### Task directions
Every line containing the string "Battery" should be returned from the records.

### Data for review
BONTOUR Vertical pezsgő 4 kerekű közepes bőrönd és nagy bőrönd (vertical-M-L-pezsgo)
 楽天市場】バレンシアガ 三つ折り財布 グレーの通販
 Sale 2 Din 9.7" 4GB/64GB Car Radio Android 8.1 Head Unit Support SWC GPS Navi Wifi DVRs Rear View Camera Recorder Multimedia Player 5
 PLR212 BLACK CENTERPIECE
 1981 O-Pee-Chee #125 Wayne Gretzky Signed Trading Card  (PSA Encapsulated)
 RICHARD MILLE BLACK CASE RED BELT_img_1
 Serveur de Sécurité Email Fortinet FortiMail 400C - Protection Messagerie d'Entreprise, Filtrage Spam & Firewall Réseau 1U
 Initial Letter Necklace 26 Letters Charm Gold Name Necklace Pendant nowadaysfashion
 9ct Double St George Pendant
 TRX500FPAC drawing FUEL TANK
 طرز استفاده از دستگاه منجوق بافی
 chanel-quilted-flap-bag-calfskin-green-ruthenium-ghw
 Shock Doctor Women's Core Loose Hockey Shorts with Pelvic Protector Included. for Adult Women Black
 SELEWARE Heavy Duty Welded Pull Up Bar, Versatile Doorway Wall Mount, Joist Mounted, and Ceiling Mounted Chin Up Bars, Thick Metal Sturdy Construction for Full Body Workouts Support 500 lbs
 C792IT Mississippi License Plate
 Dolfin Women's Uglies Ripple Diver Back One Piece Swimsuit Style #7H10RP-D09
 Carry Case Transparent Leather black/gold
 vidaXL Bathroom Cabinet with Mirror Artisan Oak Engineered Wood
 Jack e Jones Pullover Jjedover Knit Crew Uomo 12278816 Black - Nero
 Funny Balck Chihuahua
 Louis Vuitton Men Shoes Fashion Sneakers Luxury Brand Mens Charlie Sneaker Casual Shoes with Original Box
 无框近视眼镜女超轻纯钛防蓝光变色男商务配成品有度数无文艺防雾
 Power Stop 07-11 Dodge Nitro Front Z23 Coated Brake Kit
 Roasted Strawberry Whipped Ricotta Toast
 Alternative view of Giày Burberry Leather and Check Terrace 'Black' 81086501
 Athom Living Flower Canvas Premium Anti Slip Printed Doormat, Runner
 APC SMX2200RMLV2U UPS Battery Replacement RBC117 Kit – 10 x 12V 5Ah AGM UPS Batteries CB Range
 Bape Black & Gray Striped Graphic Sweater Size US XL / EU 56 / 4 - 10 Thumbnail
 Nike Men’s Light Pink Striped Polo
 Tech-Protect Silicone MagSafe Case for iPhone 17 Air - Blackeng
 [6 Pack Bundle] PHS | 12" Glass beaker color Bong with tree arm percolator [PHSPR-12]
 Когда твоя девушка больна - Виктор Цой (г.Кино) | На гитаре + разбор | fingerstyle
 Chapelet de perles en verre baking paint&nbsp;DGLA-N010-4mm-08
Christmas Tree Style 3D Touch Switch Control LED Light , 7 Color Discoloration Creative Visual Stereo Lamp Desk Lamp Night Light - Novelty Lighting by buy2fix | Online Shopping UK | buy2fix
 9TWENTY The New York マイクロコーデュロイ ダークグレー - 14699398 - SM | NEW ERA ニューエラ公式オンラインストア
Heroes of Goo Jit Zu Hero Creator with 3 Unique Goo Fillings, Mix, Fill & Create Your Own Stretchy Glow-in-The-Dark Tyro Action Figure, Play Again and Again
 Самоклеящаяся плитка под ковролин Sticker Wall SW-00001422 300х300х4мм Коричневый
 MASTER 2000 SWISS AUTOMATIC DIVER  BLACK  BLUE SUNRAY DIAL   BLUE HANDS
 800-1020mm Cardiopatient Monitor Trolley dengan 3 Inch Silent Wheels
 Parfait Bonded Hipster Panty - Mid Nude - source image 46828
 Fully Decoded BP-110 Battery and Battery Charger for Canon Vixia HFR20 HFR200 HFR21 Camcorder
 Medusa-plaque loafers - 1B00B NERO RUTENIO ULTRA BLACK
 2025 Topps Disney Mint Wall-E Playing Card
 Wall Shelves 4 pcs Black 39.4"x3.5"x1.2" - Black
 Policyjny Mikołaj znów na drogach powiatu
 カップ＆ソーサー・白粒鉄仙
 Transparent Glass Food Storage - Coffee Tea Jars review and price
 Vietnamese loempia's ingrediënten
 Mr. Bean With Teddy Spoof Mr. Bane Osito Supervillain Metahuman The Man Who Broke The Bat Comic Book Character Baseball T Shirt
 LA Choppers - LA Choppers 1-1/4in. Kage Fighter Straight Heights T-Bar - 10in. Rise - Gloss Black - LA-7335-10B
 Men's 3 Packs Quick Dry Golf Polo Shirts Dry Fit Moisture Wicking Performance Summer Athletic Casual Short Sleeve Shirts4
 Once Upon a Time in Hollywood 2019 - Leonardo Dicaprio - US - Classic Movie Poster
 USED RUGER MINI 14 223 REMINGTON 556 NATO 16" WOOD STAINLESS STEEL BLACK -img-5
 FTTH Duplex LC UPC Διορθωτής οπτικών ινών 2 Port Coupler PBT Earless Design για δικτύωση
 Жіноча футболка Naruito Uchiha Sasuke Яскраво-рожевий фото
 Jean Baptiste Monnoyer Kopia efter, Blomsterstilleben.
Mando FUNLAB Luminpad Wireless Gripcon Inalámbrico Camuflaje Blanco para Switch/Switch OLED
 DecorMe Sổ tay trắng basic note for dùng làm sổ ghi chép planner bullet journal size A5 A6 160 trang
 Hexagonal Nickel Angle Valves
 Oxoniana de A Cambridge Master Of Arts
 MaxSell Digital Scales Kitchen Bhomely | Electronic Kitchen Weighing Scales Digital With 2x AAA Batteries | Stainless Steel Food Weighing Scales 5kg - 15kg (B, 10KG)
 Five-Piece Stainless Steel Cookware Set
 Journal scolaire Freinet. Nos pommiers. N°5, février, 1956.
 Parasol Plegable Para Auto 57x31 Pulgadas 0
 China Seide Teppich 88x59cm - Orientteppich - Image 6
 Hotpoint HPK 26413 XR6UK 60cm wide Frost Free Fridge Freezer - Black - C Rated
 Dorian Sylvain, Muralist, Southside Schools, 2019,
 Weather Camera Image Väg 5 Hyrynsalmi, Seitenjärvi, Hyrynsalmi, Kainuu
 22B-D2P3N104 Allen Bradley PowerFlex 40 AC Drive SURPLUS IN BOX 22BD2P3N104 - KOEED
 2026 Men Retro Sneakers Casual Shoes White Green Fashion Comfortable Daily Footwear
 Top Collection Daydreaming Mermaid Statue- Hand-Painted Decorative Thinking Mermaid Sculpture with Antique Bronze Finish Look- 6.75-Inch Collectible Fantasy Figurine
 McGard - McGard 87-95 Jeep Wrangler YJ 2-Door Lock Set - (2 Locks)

### Output of the task
 APC SMX2200RMLV2U UPS Battery Replacement RBC117 Kit – 10 x 12V 5Ah AGM UPS Batteries CB Range
 Fully Decoded BP-110 Battery and Battery Charger for Canon Vixia HFR20 HFR200 HFR21 Camcorder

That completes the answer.